Capítulo XXXV. Las sombras del pasado
No podía conciliar el sueño. El enojo y la tristeza aumentaban a cada segundo. Salió al jardín con la esperanza de despejarse un poco. Bajo el cobijo de un hermoso árbol de jacarandá, lloraba en silencio. Le dolía amarlo tanto, y ahora comprendía que desde hacía mucho tiempo su corazón había sido diseñado solo para él.
¿Cómo pudo besar a otra mujer? Ella ni siquiera imaginaba tolerar los labios de alguien más sobre los suyos. ¿Por qué para él fue tan fácil? La respuesta era dolorosa, pero simple: él no la amaba. Mirah suspiró con melancolía y dejó que sus lágrimas corrieran libres.
—¡Aquí estás! Me he vuelto loco buscándote… ¿estás llorando? —Rayan tomó su rostro entre las manos, conectando sus miradas al instante—. ¿Ha sucedido algo? —su preocupación crecía a cada segundo—. Mirah, contéstame.
—Tú… —respondió entre lágrimas—. Tú eres lo que me ha sucedido. —Sus palabras fueron como cuchillos afilados entrando en el pecho de Rayan.
—Mirah…
—¡Suéltame! —le apartó las manos con brusquedad—. Ya no quiero amarte más —dijo con dolor—. Porque tu amor, Rayan, está matando mi corazón.
Él se paralizó. Sus palabras lo herían de muerte, pero lejos de alejarse, se acercó de nuevo, tomando su rostro. Mirah no pudo apartarse; juntos eran como dos imanes imposibles de separar.
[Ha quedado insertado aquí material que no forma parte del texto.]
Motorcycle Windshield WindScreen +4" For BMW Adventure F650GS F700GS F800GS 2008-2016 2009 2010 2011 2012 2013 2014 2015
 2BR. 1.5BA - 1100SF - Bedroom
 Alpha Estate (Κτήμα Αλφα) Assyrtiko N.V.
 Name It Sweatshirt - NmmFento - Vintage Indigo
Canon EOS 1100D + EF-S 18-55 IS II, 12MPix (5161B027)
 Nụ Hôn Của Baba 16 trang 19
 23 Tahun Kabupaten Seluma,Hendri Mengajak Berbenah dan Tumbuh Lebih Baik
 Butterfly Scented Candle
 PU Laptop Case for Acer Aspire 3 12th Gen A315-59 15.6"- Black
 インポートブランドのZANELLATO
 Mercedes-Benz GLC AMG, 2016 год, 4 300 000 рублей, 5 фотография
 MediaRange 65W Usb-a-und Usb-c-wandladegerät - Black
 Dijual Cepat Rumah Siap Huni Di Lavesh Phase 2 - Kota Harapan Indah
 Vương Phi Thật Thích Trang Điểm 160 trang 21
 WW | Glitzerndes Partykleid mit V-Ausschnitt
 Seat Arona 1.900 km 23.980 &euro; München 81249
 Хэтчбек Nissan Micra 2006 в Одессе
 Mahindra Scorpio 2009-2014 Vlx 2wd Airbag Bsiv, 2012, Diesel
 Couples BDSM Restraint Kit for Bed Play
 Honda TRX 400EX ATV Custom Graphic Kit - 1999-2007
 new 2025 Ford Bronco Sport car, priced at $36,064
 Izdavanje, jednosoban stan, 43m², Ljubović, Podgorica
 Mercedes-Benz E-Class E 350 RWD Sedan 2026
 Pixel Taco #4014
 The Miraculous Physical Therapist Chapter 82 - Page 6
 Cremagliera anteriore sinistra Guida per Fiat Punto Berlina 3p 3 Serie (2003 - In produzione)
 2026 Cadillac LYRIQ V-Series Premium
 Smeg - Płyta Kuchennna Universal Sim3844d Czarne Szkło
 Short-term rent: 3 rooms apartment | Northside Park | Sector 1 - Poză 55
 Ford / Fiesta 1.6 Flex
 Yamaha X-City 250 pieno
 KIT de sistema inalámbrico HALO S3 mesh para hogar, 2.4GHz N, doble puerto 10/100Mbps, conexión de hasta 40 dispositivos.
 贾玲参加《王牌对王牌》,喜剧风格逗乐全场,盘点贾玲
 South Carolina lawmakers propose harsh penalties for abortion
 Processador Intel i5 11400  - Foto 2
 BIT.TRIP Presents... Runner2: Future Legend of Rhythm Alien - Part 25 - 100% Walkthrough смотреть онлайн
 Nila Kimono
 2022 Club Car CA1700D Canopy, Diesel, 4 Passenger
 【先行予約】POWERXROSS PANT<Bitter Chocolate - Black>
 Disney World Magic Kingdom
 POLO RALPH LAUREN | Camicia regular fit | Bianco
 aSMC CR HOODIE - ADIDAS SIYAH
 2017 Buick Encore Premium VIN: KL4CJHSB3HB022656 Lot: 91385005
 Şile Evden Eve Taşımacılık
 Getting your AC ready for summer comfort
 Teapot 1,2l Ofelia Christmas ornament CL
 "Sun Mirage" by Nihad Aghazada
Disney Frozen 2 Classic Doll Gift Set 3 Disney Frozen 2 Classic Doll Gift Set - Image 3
—En cambio, tu amor, Mirah, le ha dado vida a mi corazón. —Acariciaba sus mejillas con ternura—. Tú le has dado un verdadero sentido a mi vida, y me siento decepcionado de mí mismo por haber dudado de ti y fallarte. —Sus miradas eran intensas, cargadas de emociones encontradas—. ¡Te amo!
Mirah intentó alejarse, pero Rayan no se lo permitió. Sus lágrimas seguían cayendo.
—¡Te amo! —repitió con firmeza.
Ella apretó los ojos, intentando mantenerse fuerte.
—¡No! ¡No me amas! Porque si lo hicieras, no te habrías besado con otra. Y no estarías pensando en una segunda esposa cuando ni siquiera has terminado conmigo.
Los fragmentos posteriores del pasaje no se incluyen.